Перед дверью стоят чурбаны-лакеи и перекидываются грубыми шутками. «С кем он забавляется там, в комнате, этот старый французский дурак?» Смеясь, они указывают пальцами на лоб, намекая на его чудачество, с шумом спускаются вниз, на попойку, и оставляют старика одного в его кабинете. Никто на свете не помнит о нем больше — ни близкие, ни дальние. Живет он, старый сердитый ястреб, там, на своей башне в Дуксе, как на вершине ледяной горы, безвестный и забытый, и когда, наконец, на исходе июня 1798 года, разрывается старое дряхлое сердце и жалкое, когда-то пламенно обнимаемое сотнями женщин тело зарывают в землю, для церковной книги остается неизвестной его настоящая фамилия. «Казаней, венецианец», — вносится в нее неправильное имя и «восемьдесят четыре года от роду» — неточный возраст: настолько незнакомым стал он для окружающих. Никто не заботится о его могиле, никому нет дела до его сочинений, забытым тлеет его прах, забытыми тлеют его письма и забытыми странствуют где-то по равнодушным рукам тома его труда.

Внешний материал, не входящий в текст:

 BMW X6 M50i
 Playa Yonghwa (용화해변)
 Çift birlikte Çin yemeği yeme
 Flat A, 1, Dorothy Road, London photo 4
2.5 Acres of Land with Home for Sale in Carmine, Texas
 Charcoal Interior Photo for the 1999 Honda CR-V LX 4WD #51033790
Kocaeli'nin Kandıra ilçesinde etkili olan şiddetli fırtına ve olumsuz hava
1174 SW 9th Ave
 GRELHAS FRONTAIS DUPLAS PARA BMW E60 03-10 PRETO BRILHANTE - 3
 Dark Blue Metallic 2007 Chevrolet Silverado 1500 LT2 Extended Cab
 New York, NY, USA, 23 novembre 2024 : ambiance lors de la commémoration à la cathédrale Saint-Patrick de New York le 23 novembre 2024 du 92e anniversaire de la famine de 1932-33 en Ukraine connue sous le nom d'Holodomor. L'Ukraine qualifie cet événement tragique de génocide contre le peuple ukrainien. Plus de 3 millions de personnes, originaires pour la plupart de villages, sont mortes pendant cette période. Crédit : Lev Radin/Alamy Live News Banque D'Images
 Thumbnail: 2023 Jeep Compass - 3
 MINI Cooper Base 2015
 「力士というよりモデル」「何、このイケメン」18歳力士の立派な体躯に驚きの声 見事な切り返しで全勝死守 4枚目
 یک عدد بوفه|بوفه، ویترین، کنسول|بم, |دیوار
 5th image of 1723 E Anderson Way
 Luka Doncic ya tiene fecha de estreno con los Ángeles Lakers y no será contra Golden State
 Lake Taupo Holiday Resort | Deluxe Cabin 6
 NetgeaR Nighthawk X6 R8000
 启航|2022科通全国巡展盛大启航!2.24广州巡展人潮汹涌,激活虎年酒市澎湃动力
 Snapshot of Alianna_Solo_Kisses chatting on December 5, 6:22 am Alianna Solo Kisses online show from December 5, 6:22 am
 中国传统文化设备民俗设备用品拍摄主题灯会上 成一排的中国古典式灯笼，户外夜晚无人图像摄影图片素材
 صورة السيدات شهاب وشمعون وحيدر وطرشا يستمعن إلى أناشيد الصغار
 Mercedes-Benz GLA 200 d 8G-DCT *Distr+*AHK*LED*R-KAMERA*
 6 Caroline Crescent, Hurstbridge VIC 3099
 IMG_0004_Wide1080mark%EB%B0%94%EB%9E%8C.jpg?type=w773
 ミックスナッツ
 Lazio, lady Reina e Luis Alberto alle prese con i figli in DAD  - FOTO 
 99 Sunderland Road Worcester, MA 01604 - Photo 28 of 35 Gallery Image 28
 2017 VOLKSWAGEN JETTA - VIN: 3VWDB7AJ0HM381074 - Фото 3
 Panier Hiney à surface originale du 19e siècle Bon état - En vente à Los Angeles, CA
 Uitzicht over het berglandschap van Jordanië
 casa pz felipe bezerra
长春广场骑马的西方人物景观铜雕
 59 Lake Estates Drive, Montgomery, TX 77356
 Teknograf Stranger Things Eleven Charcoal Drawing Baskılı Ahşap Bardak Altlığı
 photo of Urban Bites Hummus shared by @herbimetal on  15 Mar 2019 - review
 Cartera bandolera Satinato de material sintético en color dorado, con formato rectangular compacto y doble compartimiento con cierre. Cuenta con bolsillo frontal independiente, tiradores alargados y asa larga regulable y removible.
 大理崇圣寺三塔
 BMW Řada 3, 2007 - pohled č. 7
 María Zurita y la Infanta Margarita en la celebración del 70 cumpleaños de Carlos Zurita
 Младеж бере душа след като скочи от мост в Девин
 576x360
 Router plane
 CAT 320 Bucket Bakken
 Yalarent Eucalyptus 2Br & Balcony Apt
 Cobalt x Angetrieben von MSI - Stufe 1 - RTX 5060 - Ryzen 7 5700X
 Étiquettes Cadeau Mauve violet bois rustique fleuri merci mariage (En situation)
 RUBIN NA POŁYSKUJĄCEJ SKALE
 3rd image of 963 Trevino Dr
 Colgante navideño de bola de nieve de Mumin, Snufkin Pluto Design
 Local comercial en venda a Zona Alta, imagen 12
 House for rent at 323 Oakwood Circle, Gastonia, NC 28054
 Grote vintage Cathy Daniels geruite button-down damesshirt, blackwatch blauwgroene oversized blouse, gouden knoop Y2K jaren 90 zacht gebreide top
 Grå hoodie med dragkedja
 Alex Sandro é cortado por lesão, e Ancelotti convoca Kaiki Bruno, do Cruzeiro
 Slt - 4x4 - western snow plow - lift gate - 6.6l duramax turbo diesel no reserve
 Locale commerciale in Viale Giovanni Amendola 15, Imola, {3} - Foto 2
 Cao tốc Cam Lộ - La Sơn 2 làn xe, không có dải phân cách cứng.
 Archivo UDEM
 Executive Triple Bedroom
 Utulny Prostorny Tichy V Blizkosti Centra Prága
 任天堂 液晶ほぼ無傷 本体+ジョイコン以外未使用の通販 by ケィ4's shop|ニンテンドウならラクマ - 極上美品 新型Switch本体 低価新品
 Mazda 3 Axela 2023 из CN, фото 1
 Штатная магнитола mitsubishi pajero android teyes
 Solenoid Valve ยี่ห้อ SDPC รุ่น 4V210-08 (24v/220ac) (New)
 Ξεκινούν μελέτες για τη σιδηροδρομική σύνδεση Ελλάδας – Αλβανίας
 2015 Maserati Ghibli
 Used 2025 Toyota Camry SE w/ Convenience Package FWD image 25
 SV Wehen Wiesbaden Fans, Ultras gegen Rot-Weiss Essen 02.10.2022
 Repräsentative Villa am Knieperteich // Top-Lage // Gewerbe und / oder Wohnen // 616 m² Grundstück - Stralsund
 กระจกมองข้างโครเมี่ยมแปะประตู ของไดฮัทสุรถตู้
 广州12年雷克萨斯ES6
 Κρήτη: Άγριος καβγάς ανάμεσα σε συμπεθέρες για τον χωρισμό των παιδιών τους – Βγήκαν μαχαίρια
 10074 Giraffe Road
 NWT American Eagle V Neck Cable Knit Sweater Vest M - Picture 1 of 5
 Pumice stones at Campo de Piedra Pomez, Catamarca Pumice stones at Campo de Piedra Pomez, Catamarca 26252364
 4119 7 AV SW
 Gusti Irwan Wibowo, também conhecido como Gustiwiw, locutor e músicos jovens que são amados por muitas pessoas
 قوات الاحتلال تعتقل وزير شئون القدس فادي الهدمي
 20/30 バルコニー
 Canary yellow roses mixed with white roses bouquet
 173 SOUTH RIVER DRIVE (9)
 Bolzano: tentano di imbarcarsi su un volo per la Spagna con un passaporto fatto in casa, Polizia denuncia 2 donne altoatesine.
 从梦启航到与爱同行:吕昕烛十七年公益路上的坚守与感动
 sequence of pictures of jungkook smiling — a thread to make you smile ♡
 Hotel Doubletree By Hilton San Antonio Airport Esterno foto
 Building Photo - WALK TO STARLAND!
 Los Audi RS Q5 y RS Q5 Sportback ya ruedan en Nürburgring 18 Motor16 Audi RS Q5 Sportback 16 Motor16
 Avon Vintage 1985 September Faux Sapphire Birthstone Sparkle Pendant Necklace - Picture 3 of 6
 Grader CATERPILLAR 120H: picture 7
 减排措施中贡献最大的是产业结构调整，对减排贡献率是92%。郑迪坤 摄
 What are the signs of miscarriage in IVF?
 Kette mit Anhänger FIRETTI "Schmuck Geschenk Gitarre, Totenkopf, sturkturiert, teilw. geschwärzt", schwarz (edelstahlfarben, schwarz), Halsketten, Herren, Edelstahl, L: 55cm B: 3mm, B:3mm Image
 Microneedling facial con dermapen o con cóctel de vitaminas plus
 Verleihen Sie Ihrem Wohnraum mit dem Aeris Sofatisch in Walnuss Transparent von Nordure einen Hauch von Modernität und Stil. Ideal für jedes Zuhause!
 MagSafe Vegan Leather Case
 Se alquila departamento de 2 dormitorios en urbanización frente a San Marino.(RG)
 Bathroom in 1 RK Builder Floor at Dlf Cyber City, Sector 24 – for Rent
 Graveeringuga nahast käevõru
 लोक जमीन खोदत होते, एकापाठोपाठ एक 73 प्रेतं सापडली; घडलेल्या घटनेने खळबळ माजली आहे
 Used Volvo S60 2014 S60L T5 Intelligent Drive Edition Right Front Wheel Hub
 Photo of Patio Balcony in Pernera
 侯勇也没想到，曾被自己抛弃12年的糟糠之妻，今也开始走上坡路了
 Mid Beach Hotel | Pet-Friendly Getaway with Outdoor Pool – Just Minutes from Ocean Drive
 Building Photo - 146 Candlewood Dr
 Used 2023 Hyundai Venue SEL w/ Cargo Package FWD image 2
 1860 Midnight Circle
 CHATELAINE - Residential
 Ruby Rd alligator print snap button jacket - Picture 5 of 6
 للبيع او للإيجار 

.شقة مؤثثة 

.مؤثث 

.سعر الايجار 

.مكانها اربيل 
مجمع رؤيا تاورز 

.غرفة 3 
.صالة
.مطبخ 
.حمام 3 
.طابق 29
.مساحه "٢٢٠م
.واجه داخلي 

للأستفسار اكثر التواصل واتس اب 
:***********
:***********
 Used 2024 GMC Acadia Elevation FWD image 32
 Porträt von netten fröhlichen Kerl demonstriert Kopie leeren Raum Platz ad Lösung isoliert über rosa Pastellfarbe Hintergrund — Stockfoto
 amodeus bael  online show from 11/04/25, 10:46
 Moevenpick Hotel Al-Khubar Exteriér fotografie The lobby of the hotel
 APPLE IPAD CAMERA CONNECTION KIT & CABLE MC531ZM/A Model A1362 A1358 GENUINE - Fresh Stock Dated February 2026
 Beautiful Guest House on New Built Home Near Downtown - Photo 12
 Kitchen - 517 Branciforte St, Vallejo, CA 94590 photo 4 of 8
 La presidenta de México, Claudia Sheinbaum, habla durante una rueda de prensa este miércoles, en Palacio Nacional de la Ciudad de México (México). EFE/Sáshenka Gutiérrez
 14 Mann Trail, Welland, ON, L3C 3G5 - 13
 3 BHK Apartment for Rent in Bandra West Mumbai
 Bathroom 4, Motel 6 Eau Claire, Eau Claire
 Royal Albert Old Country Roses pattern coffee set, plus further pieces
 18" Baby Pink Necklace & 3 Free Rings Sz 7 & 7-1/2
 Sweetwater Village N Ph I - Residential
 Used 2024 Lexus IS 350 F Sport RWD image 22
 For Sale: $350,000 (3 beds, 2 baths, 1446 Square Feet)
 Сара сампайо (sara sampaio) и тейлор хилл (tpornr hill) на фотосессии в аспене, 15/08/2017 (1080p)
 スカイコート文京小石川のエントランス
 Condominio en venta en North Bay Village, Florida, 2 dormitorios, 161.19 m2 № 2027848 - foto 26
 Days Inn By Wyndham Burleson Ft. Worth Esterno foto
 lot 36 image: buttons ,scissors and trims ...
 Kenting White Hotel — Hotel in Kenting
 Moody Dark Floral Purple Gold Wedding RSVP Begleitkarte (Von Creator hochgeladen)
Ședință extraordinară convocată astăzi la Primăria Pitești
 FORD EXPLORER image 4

Как с хрипом внезапно останавливаются запыленные, заржавелые часы с курантами, так в 1798 году остановилась эта жизнь. Но четверть века спустя она заявляет о себе снова.
Мир прислушивается, удивляется, изумляется, вновь охваченный восхищением и возмущением: мемуары Казановы вышли в свет, и с тех пор старый авантюрист живет вновь — всегда и всюду.